START MATERIAL FOR THIS TASK

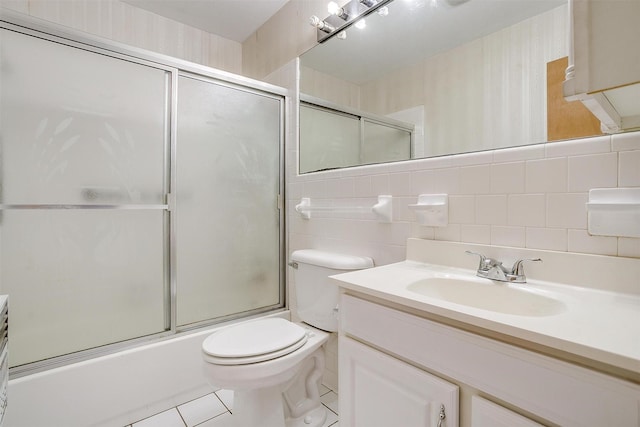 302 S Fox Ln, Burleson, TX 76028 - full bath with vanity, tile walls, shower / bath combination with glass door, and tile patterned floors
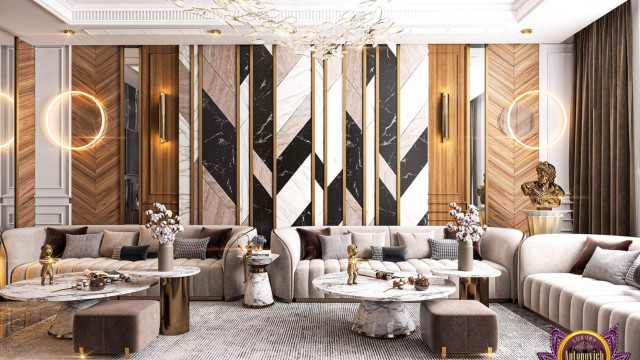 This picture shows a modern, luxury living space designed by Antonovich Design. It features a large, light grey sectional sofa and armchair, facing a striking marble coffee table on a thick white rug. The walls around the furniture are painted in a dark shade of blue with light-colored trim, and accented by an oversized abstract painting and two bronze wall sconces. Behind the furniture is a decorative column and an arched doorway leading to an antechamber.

END MATERIAL FOR THIS TASK
START MATERIAL FOR THIS TASK

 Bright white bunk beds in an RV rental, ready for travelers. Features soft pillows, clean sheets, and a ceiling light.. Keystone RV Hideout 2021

END MATERIAL FOR THIS TASK

WORK REQUEST: What you return must match the lines above from the one with "302 S Fox Ln, Burleson, TX" through the one with "This picture shows" exactly, with both ends included and the pictures excluded.

ANSWER TO THIS TASK:
 302 S Fox Ln, Burleson, TX 76028 - full bath with vanity, tile walls, shower / bath combination with glass door, and tile patterned floors
 This picture shows a modern, luxury living space designed by Antonovich Design. It features a large, light grey sectional sofa and armchair, facing a striking marble coffee table on a thick white rug. The walls around the furniture are painted in a dark shade of blue with light-colored trim, and accented by an oversized abstract painting and two bronze wall sconces. Behind the furniture is a decorative column and an arched doorway leading to an antechamber.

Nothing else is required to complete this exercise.